Many hugs to you :hug: :hug: You sound so very sad and depressed. You have had a terrible upheaval in your life and trying to come to terms with having so many chronic illnesses is very difficult. No wonder you feel fed up :hugbetter:

I think all of us who struggle with these blasted diseases and the never ending saga of trying and testing medications can understand how you feel. Of course it must be extra worrying for you knowing the bad reaction you had with some of the drugs you have tried. Its always a worry trying different medications but it must scare the heck out of you :worried:

Your new doctor certainly doesnt sound like someone you would want to be around very much. When is your Rheumy appointment? You mentioned a couple of months? Is there any way you can badger them to get in sooner telling them how unwell you feel?

I would also ask your doctor for a referral to a psychiatrist as well.

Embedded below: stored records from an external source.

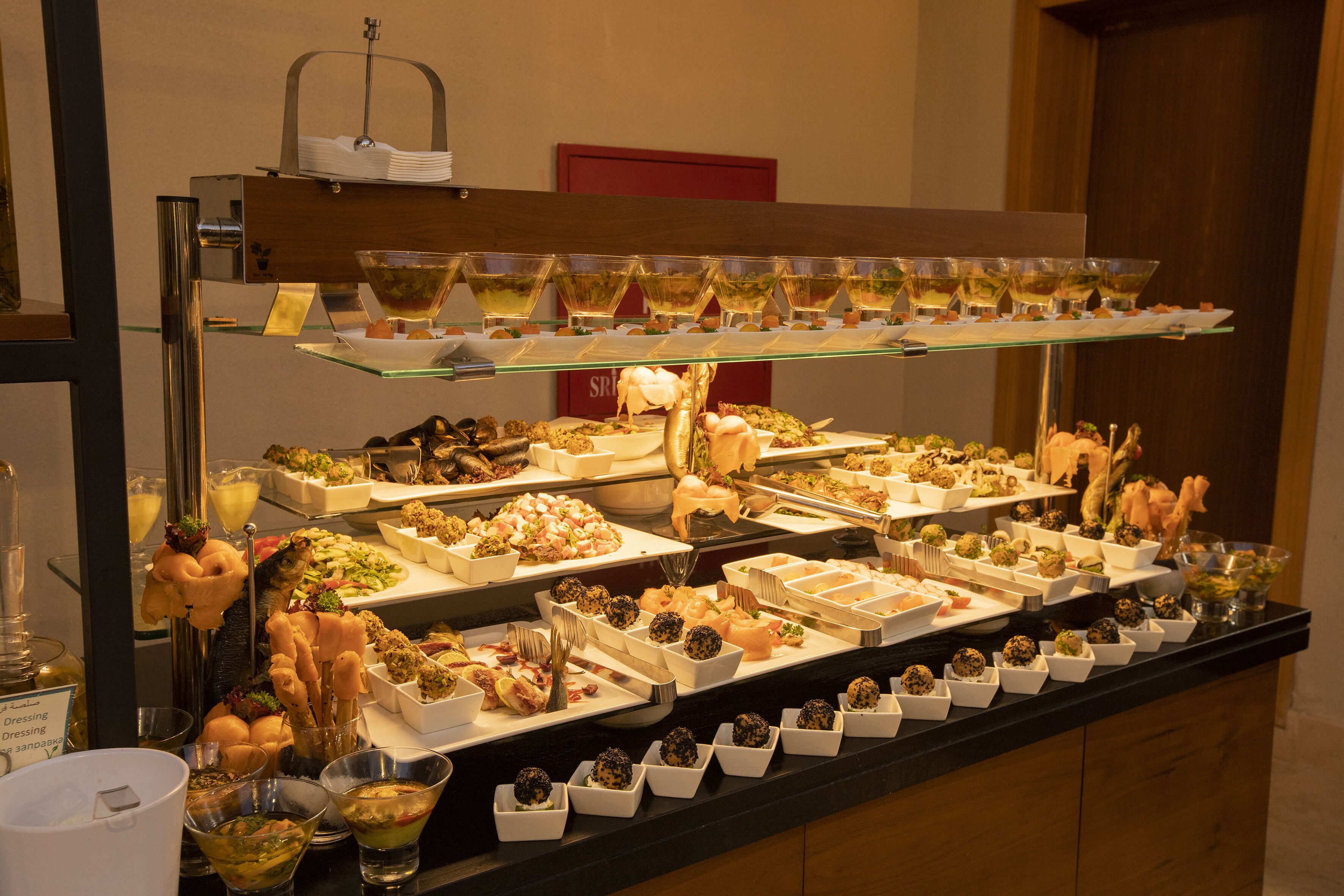 A buffet with various dishes and drinks.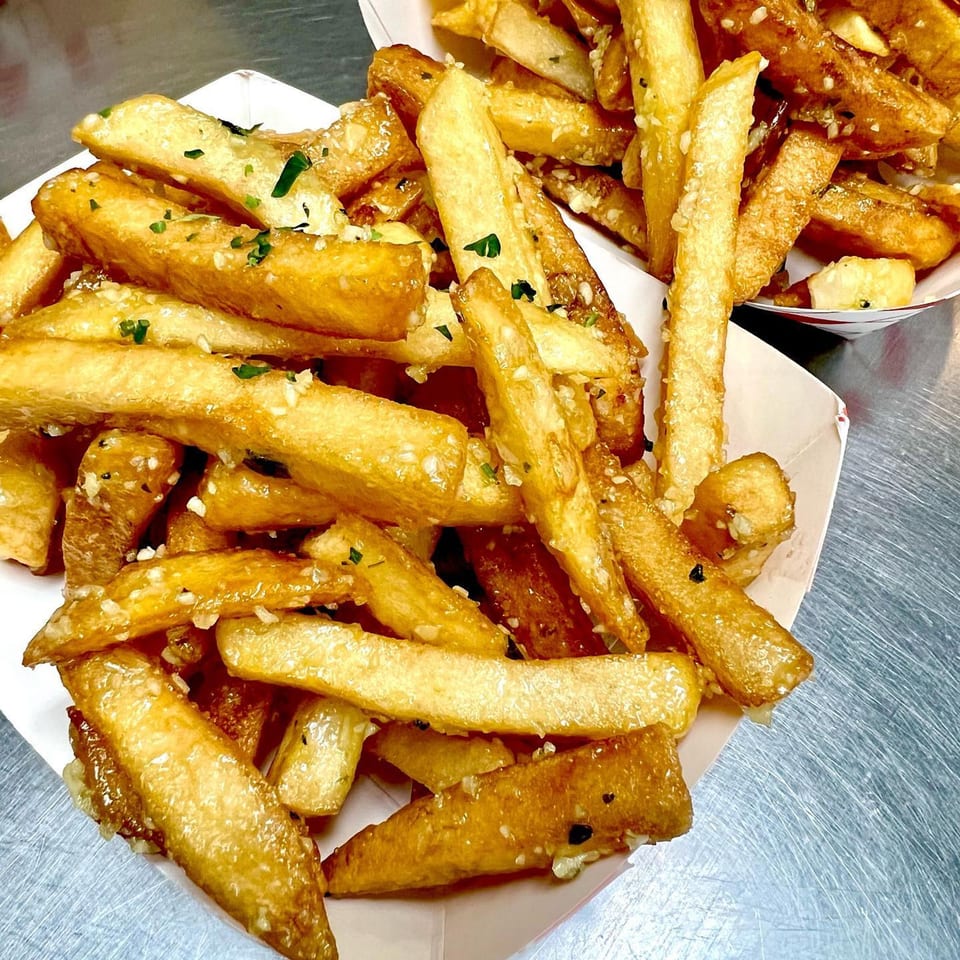 Two servings of golden-brown Frymazing Korean fries, topped with garlic and green herbs, in paper trays.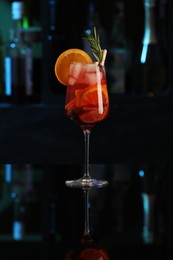 Photo of Delicious sangria cocktail on black table in bar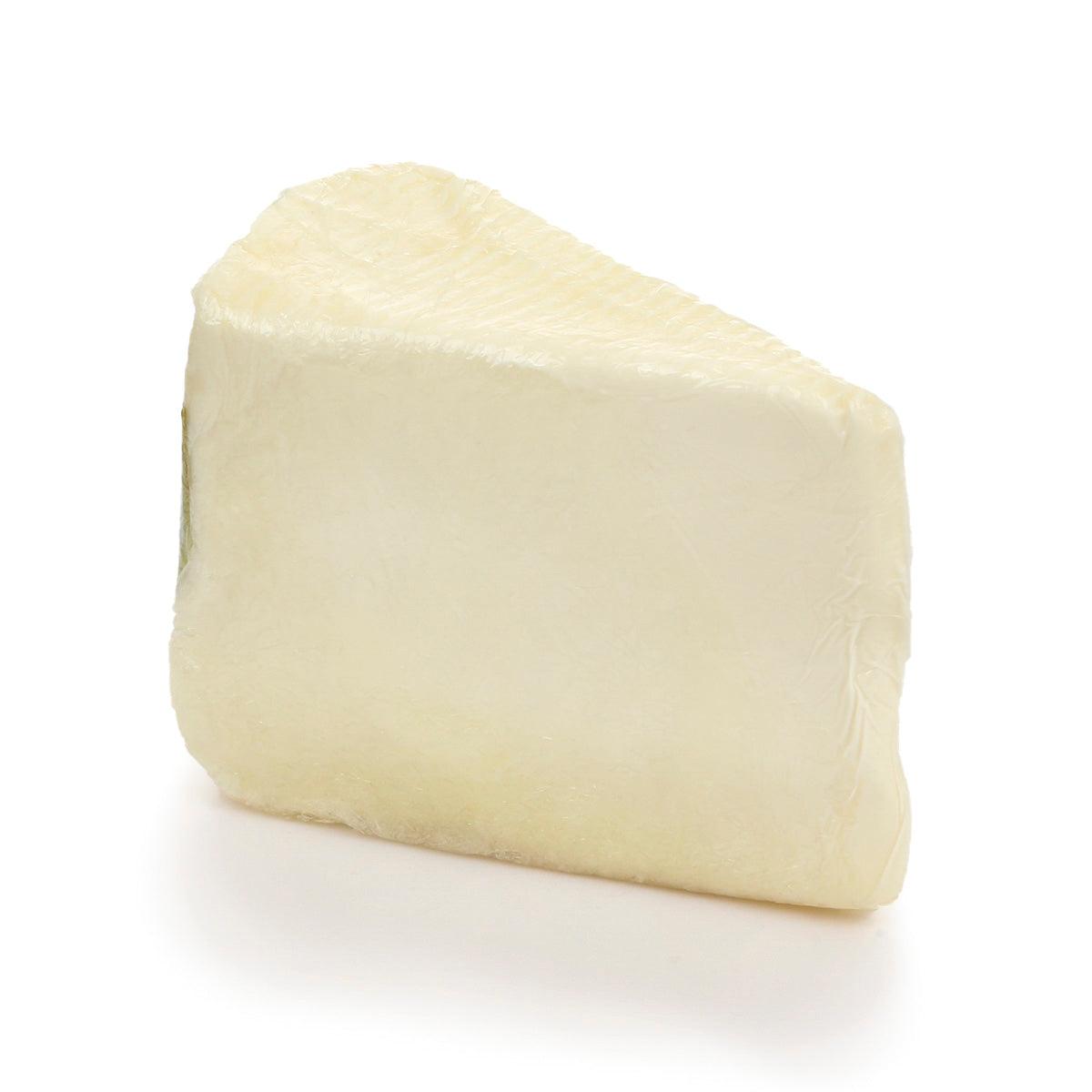 Pale cream triple cream cheese wedge, unwrapped
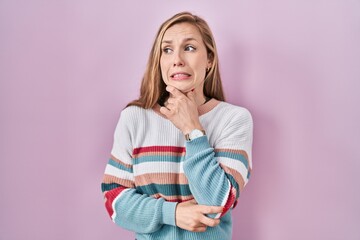 Young blonde woman standing over pink background thinking worried about a question, concerned and nervous with hand on chin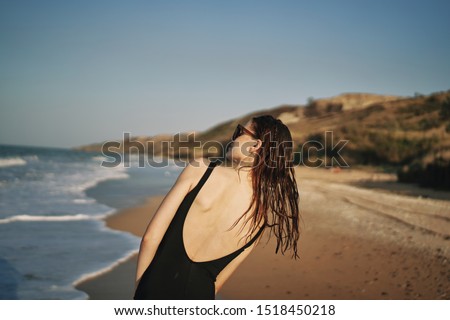 woman model in a swimsuit on the sea resting
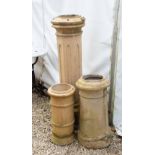 A GROUP OF THREE BUFF TERRACOTTA CHIMNEY POTS the largest marked Doulton Condition: weathered
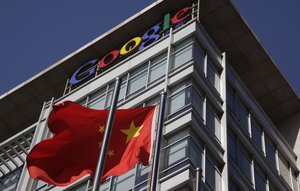 A Chinese flag flutters outside Google's China headquarters in Beijing, China, Wednesday, Jan. 13, 2010. Google Inc. will stop censoring its search results in China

It sounds like you may need to change your anti depressant and a psychiatrist will be the one with the specialist knowledge to help try and find one which suits you. Also I think its important that you get some space to talk about how your illnesses are impacting on you and your quality of life. Depression can be a part of Lupus itself or, indeed, a reaction to it. Whichever comes first it really doesnt matter because whats important is that you have someone you can talk to about how you are feeling and who can help you. I see from your last post that you had to give up your home and move back with your mum because you couldnt afford to stay in your house. That is such a massive upheaval and adjustment to make.

Please try and get some help for the way your are feeling Buffster. Its amazing how those kind of supports can help one cope in such difficult situations. The Forum is always here for you but it cant replace proper care if you are seriously depressed.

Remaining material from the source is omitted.